Zyriab, prince du luth et maître d’élégance
Musicien de génie, fin lettré, compositeur et poète, il est l’un des principaux fondateurs de la musique arabo-andalouse au IXe siècle. Connu pour avoir introduit le luth en Andalousie, il est aussi célèbre pour son raffinement.

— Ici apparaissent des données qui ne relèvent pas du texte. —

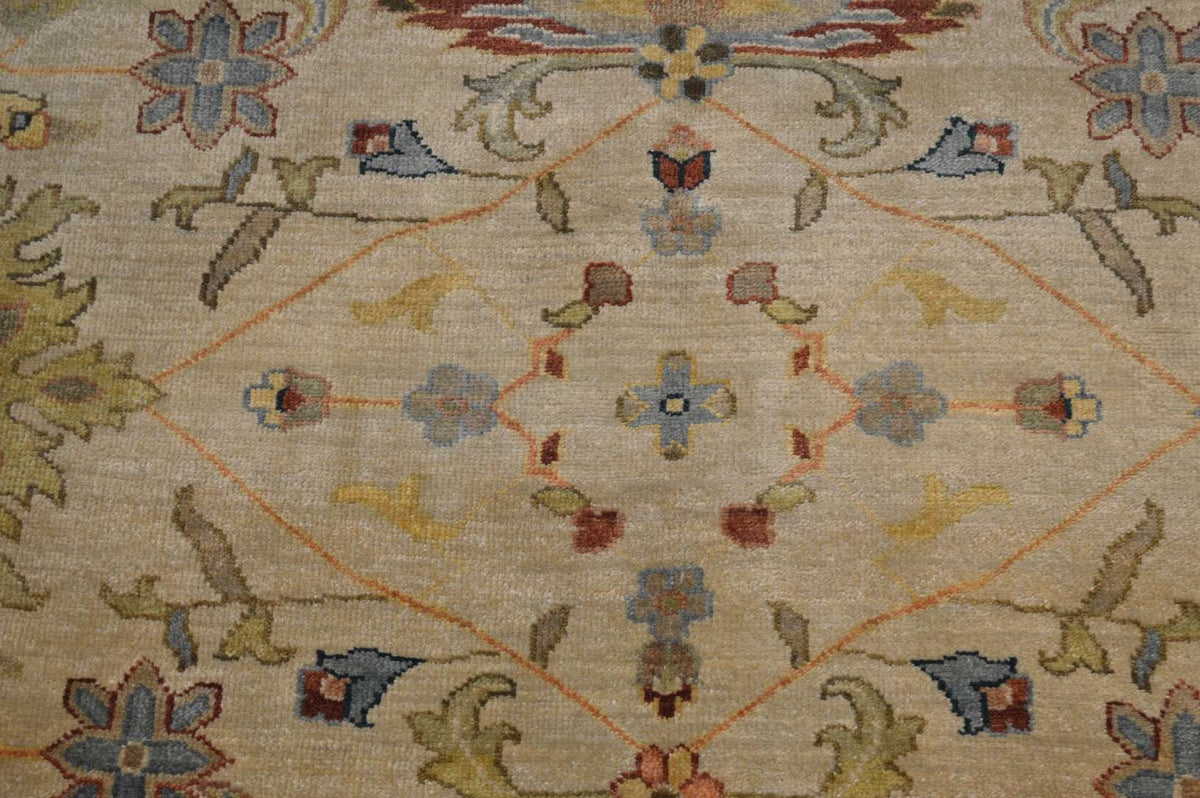 9' 2" x 11' 8" India Mahal Rug image 11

Abou Al-Hassan Ali Ibn Nâfi, dit “Zyriab” (“l’oiseau noir”, en lien avec son teint foncé), naît dans le village kurde de Mossoul, en Irak, en 789. Il est le fils unique d’une famille plutôt pauvre. A Bagdad, où son père s’installe, il étudie la science, la littérature, la géographie et l’astronomie, et se révèle un brillant élève. Mais il va exceller en musique, auprès de son maître, le grand Ishaq al-Mawsili, un kurde lui aussi originaire de Mossoul, et descendant d’Ibrahim al-Mawsili, musicien de cour, lequel a fondé à Bagdad le premier conservatoire de musique arabo-musulmane. La ville est alors un centre mondial de la culture, de l’art et de la science.

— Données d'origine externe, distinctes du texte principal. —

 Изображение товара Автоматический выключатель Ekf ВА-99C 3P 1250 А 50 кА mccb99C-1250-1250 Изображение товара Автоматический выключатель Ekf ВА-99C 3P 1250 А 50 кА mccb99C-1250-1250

A 12 ans, Zyriab éblouit déjà par son chant et son jeu au luth. A 19 ans, il fait de cet instrument, venu de Perse, un oud en lui ajoutant une cinquième corde. La notoriété du jeune homme parvient jusqu’au calife Haroun al-Rachid, qui le convoque à la cour. Séduit par sa voix d’or et son jeu brillant, ce dernier le comble de cadeaux somptueux. Fou de jalousie et de rage de voir son protégé l’éclipser, Ishaq al-Mawsili ordonne alors à Zyriab de fuir Bagdad au plus vite, avec une compensation en argent, sous peine de prison ou de mort en cas de refus.

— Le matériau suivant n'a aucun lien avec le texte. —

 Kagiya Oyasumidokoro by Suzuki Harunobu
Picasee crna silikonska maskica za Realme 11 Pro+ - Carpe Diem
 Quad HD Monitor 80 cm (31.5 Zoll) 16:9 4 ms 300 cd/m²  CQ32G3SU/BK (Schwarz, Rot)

Le jeune musicien accepte et quitte la capitale abbasside. Il passe quelques années à la cour des Aghlabides à Kairouan, en Tunisie. Après un bref séjour au Maroc, il s’établit à Cordoue en 822, où le calife omeyyade Abd al-Rahman II l’accueille de façon princière et le traite avec les plus grands honneurs. Zyriab reçoit 200 pièces d’or par mois, d’abondants dons en nature, comme des maisons, des jardins et des champs valant une fortune. Il se marie dans le luxe avec une fille de la famille royale dont il aura trois enfants. Conseiller très écouté du calife, Zyriab devient une sorte de ministre de la Culture auprès de lui. Il crée une école de musique à Cordoue, premier conservatoire d’Europe, ouvert à tous et financé par la cassette du monarque.
Il fait de Courdoue la capitale du bon goût
Outre ses travaux de musicologue qui font le succès et le raffinement de la musique arabo-andalouse, cet artiste de génie multiplie des inventions artistiques majeures : il invente des techniques poétiques et vocales telles que le “mouachah” ou le “zajal”, qui donnèrent naissance au flamenco. Il compose alors un millier de poèmes mélodiques qui seront joués et chantés de Cordoue à Carthage. Perfectionniste, il introduit à la cour le système des “noubas” – fondement de la musique andalouse –, codifie le chant, explore les musiques du Nord, les “romanceros”, et assimile le chant grégorien qu’il transporte dans le “malouf”.
En plus de la musique, Zyriab fait aussi découvrir aux Andalous le jeu de polo et les échecs. Son goût du luxe et son charisme font de lui le maître d’élégance dans la région. Il révolutionne les modes vestimentaires, les bonnes manières, la cosmétique, la coiffure, la gastronomie, l’art de la table. Cordoue, grand centre intellectuel de l’Europe d’alors, devient la capitale du bon goût. A sa mort, en 857, Zyriab laisse en héritage un véritable art de vivre andalou, dont le raffinement va rayonner en Europe et dans tout le bassin méditerranéen.